Moissonneuse dans les champs de blé en France – Thierry Ryo
Comment prévoir son assolement à un an en période d’inflation des coûts de production, de flambée des prix des matières premières agricoles, alors que se profile une période de sécheresse.
Selon FDSEA Conseil de la Marne et AS Entreprises, le coût de revient de la tonne de blé s’établissait dans la Marne à 157 € en 2021. En se référant aux prix des intrants observés durant l’automne et le début de l’hiver passé, ce coût passe à 204 € sur la base d’un rendement potentiel de 9t/ha. Mais il est plus élevé si les intrants ont été achetés plus tard (239 €/t aux prix des intrants du 24 février 2022). En fait, les coûts de revient varieront fortement d’une exploitation à l’autre en fonction des dates auxquels ils ont été achetés.

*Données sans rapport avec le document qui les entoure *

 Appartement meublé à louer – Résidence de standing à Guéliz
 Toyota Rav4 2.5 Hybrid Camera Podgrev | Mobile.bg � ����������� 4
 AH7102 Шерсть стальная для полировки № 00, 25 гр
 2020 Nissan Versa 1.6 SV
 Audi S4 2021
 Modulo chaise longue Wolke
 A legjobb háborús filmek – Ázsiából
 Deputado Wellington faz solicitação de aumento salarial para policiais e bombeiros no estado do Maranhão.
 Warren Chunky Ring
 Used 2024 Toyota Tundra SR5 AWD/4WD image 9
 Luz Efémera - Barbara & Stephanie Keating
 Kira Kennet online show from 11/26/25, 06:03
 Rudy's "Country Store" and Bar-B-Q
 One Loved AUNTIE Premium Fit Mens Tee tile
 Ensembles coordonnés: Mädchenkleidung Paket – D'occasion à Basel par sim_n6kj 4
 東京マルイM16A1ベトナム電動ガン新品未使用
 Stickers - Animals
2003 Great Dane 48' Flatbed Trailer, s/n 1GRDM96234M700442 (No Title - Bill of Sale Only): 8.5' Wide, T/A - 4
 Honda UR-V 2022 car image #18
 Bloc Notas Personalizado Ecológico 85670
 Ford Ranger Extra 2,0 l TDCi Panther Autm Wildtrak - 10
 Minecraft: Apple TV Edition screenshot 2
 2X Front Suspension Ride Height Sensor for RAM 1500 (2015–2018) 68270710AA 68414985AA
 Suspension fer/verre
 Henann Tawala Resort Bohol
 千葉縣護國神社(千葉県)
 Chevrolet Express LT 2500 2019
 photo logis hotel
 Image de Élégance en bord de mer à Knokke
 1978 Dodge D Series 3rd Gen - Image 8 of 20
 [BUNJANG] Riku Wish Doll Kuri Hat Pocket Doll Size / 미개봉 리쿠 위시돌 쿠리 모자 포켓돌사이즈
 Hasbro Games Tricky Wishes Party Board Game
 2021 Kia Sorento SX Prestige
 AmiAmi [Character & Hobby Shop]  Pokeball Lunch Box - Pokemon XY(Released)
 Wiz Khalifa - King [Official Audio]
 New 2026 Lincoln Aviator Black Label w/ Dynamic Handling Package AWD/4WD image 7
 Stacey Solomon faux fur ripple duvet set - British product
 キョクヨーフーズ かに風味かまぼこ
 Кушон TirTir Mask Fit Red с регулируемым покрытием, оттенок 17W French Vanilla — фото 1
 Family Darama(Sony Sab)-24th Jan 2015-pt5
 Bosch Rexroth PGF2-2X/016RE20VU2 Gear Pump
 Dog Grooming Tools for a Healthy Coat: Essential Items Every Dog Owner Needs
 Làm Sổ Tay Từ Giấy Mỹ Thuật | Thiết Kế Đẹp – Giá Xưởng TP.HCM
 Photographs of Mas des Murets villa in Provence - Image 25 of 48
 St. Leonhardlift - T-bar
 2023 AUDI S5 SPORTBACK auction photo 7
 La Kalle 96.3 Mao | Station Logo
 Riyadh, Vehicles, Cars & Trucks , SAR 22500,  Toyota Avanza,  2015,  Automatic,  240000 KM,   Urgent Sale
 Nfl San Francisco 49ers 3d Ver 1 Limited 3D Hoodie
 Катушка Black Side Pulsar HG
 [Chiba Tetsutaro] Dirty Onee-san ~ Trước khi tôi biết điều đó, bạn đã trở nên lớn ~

Nous pourrions nous consoler en se disant que le prix de la tonne de blé a allègrement franchi le seuil de 400 € courant mai, ce qui laisse, a priori, une marge.
Or, ces dernières semaines, les conditions climatiques pénalisent le potentiel de rendement de l’ensemble des cultures céréalières alors que la volatilité des cours des céréales est très marquée. Si le rendement est de 7,5t/ha et non pas de 9t/ha, le coût de production de la tonne passe alors à 245 €. Et pour une production moyenne de 6t/ha, à 306 €.
Autrement dit, si le prix FOB de la tonne de blé est sur le marché de Rouen inférieur à 330 €, le céréalier essuiera des pertes. Or ce prix de 330 € n’a été atteint qu’au mois de mars après le début des hostilités le 24 février dernier entre l’Ukraine et la Russie. Depuis la récolte 2021, le prix de la tonne de blé oscillait autour 250 € la tonne sans franchir le seuil de 300 €. Le moindre signe de détente sur les marchés des céréales conduira à un repli prononcé des cours du blé.
Assolement 2022-2023
Mais qu’en sera-t-il pour le prochain assolement 2022-2023. Outre le respect des règles agronomiques de bon sens qu’il sera nécessaire de respecter, il doit être raisonné en estimant des coûts de production en fonction des prix d’achats des approvisionnements sans pour autant avoir la certitude que le prix de vente de blé compensera là encore ces coûts de production.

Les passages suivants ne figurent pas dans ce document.